◆ **Activity**: Exactly the lines from the start of the entries through the line with "Mist Photograph - Windmill" are required in the output, with no pictures among them.

(Dataset excerpts)
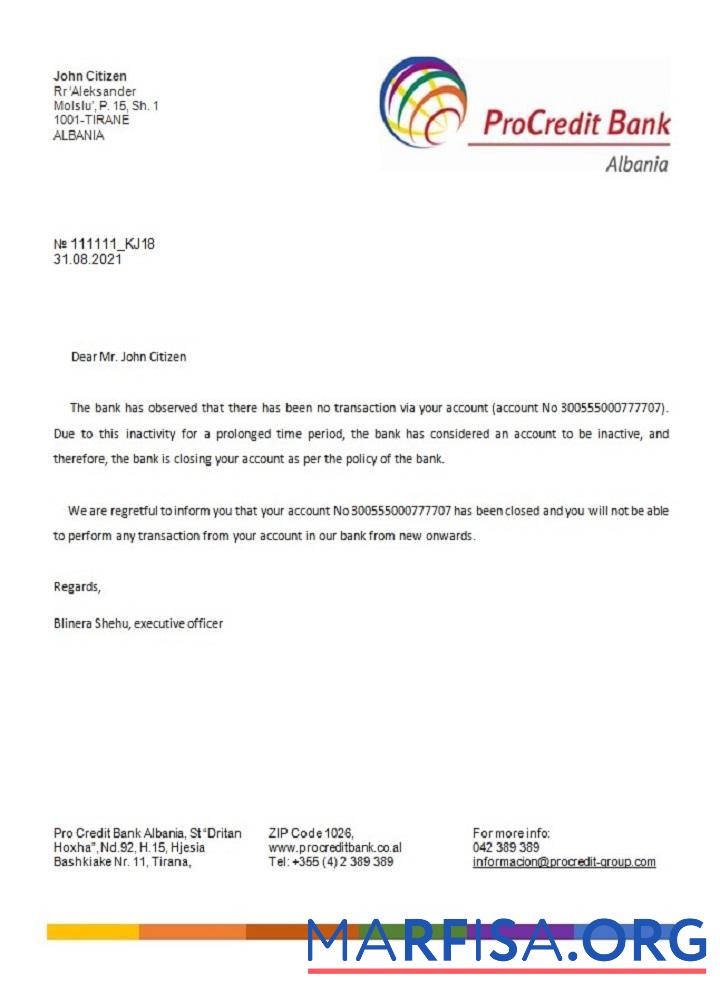 Blank Albania Procredit closure reference example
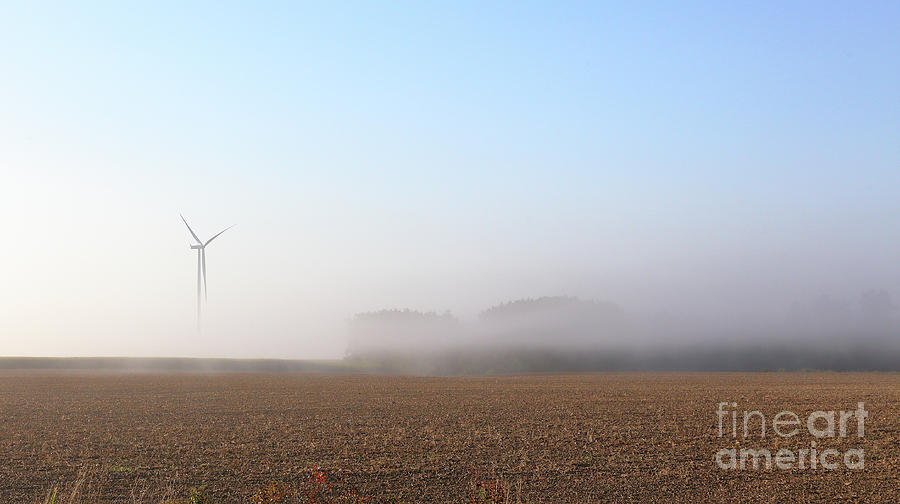 Mist Photograph - Windmill at Dawn by John Wijsman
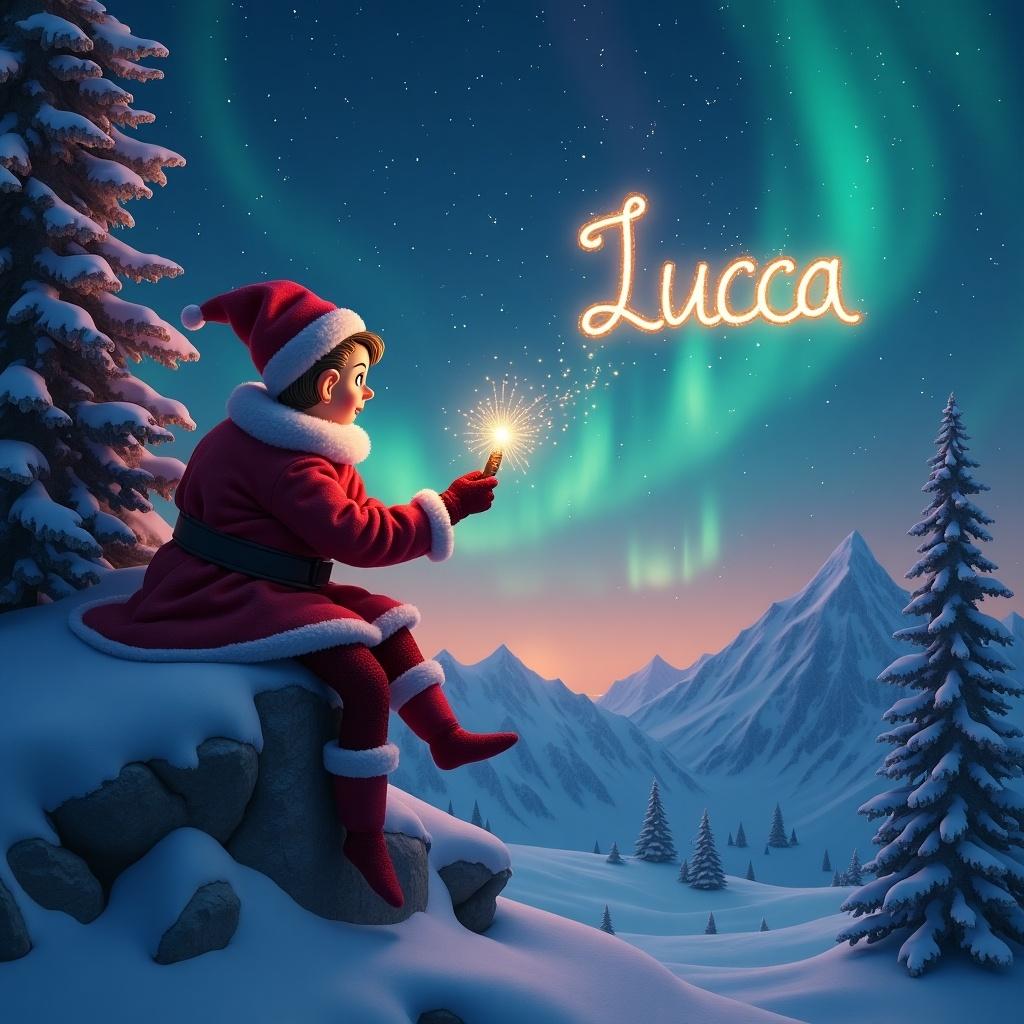 A traditional red elf on the shelf is depicted in the snowy mountains of the North Pole. The elf is sitting on a rock, wearing a classic red outfit, surrounded by snow-covered trees. In the night sky, the elf is using a magic wand to write the name 'Lucca', which glows with a warm light. The background features beautiful northern lights, showcasing colors of red, cerulean, and purple cascading across the horizon. The entire scene has a magical and festive atmosphere, perfect for the holiday spirit.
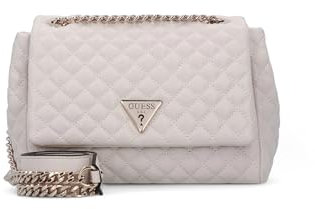 GUESS Damen Eco Rianee Convertible Crossbody Flap Umhängetasche, Stein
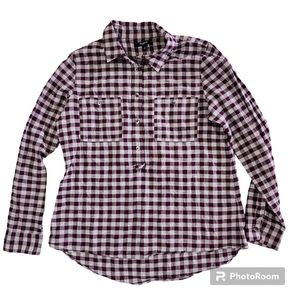 Madewell Popover shirt size small. Check purple gray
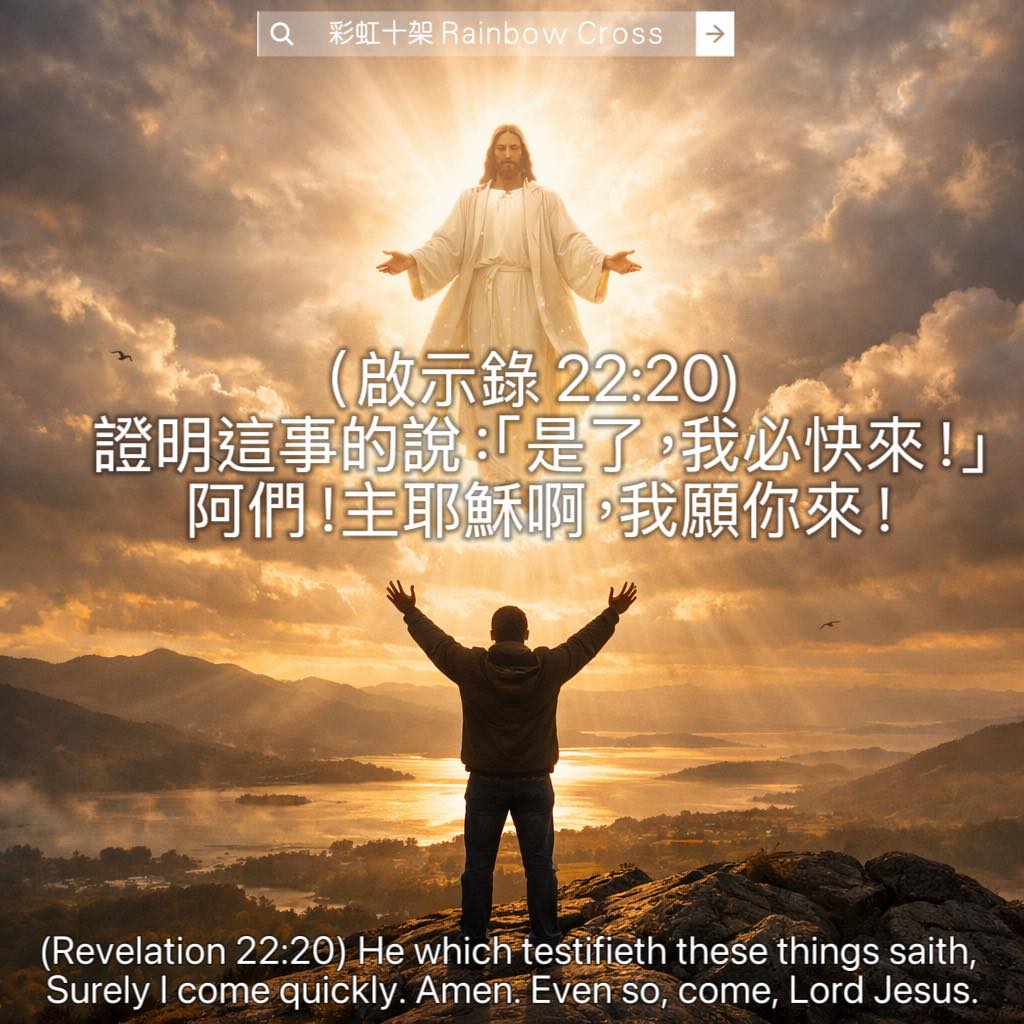 我愛主耶穌- 今日的經文和禱文如下：（啟示錄22:20) 證明這事的說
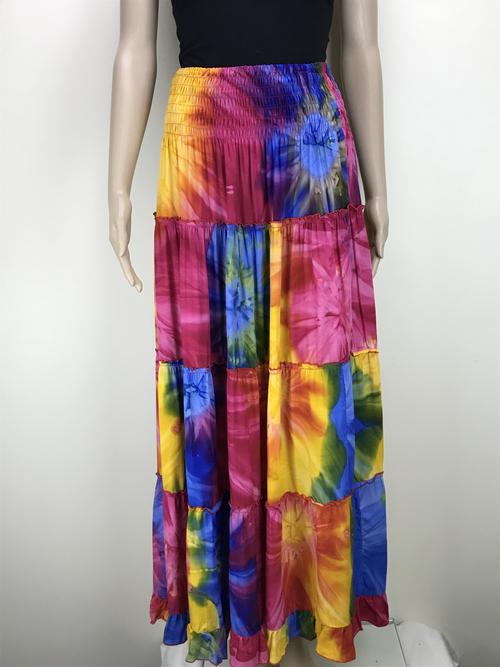 long skirt shirred waist - tie dye rainbow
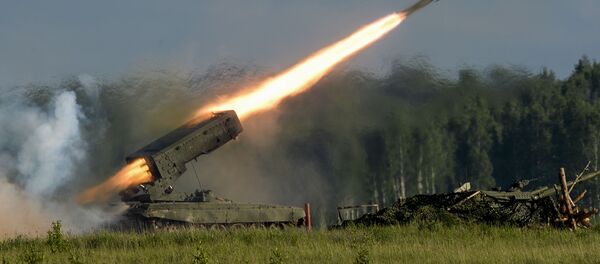 Bắn hỏa tiễn trong buổi trình diễn tại Diễn đàn Quốc tế Thiết bị Quân sự “Quân đội – 2015” - Sputnik Việt Nam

◆ **Exercise output**:
 Blank Albania Procredit closure reference example
 Mist Photograph - Windmill at Dawn by John Wijsman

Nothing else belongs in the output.